[Opening Records provided section]

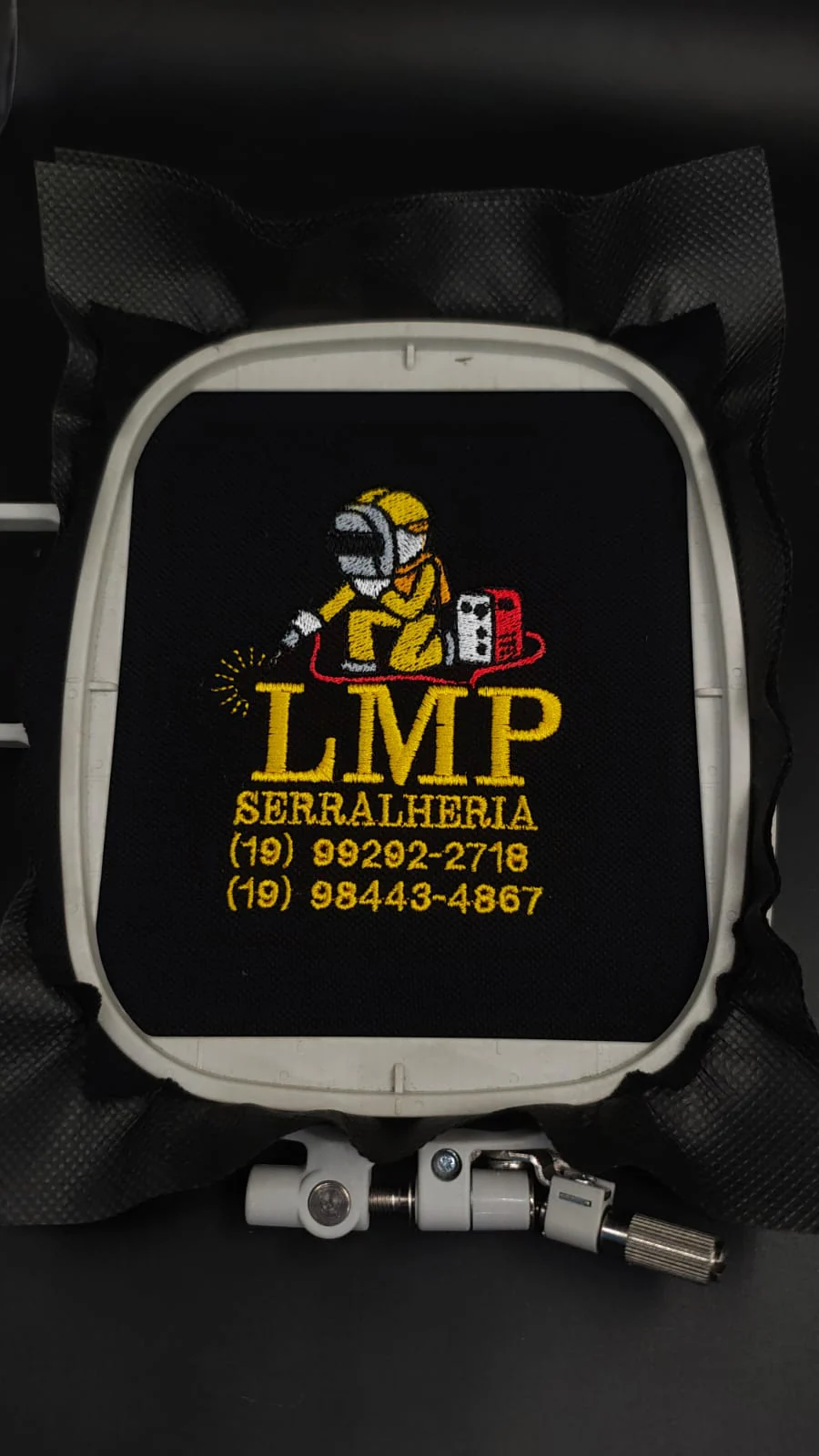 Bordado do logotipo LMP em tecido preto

[Closing Records provided section]
[Opening Records provided section]

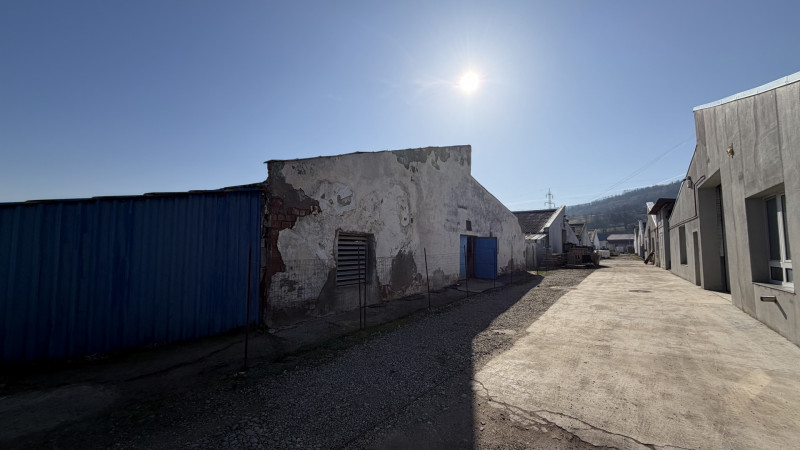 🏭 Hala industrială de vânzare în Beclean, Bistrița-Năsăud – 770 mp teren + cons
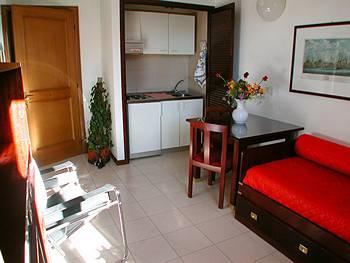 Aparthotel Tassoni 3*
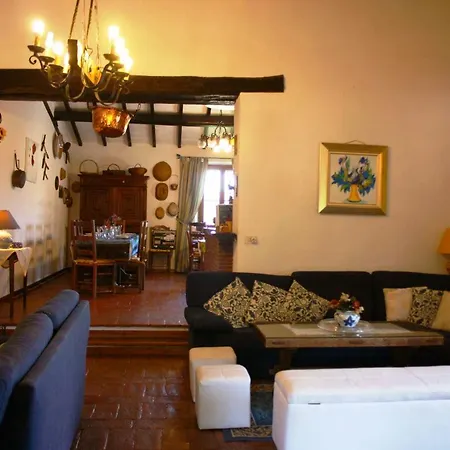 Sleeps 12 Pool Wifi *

[Closing Records provided section]

Please transcribe exactly the part of the records that opens with the line containing "teren + cons" and closes with the line containing "Sleeps 12 Pool Wifi *", both ends included, and leave out the pictures.

Written solution:
 🏭 Hala industrială de vânzare în Beclean, Bistrița-Năsăud – 770 mp teren + cons
 Aparthotel Tassoni 3*
 Sleeps 12 Pool Wifi *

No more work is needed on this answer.